Ainsi a-t-il rappelé que :
« Il résulte de ces dispositions qu’il appartient, en particulier, à tout requérant qui saisit le juge administratif d’un recours pour excès de pouvoir tendant à l’annulation d’un permis de construire, de démolir ou d’aménager, de préciser l’atteinte qu’il invoque pour justifier d’un intérêt lui donnant qualité pour agir, en faisant état de tous éléments suffisamment précis et étayés de nature à établir que cette atteinte est susceptible d’affecter directement les conditions d’occupation, d’utilisation ou de jouissance de son bien. Il appartient au défendeur, s’il entend contester l’intérêt à agir du requérant, d’apporter tous les éléments de nature à établir que les atteintes alléguées sont dépourvues de réalité. Le juge de l’excès de pouvoir apprécie la recevabilité de la requête au vu des éléments ainsi versés au dossier par les parties, en écartant le cas échéant les allégations qu’il jugerait insuffisamment étayées mais sans pour autant exiger de l’auteur du recours qu’il apporte la preuve du caractère certain des atteintes qu’il invoque au soutien de la recevabilité de celui-ci. Eu égard à sa situation particulière, le voisin immédiat, justifie, en principe, d’un intérêt à agir lorsqu’il fait état devant le juge, qui statue au vu de l’ensemble des pièces du dossier, d’éléments relatifs à la nature, à l’importance ou à la localisation du projet de construction ».
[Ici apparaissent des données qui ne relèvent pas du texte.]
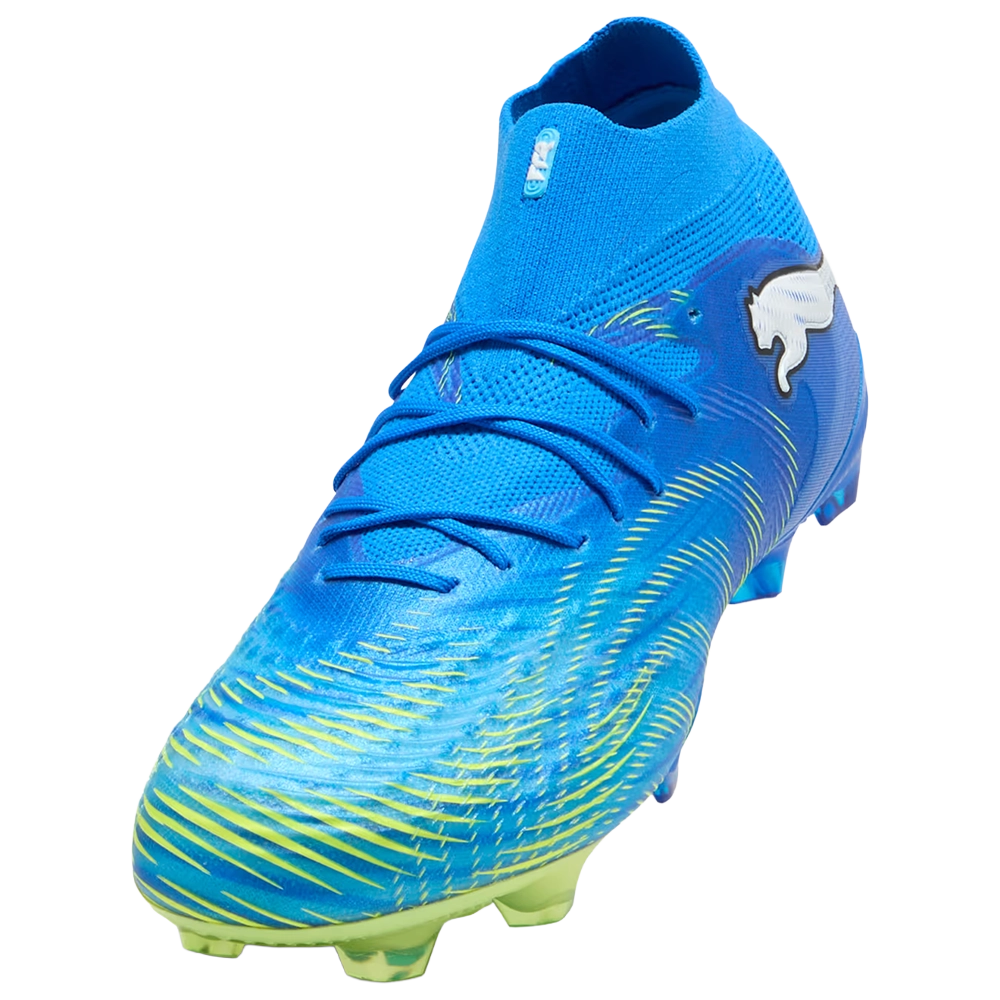 Puma FUTURE 9 ULTIMATE FG Damen Fußballschuhe – Ultra Blue / White / Luminous Blue / Black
pour y ajouter qu’ « il en va de même lorsque le requérant est un syndicat de copropriétaires » (considérant 6).
En d’autres termes, le syndicat des copropriétaires d’un immeuble situé sur la parcelle jouxtant le terrain d’assiette d’un projet de construction ayant donné lieu à permis de construire, qui fait notamment état, pour justifier de son intérêt à demander l’annulation de ce permis, de l’importance du projet, justifie d’un intérêt pour agir.
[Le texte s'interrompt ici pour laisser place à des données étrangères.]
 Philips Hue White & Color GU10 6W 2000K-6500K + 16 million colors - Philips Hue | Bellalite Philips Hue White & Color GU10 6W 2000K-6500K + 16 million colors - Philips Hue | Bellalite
En l’espèce, l’importance du projet se déduisant des 74 logements en vis-à-vis de la résidence, au triplement de la surface bâtie existante sur la parcelle du terrain d’assiette du projet ainsi qu’à la création de 124 places de stationnement.
Pour le Conseil d’Etat, ces éléments suffisaient à justifier de l’intérêt pour agir du syndicat requérant.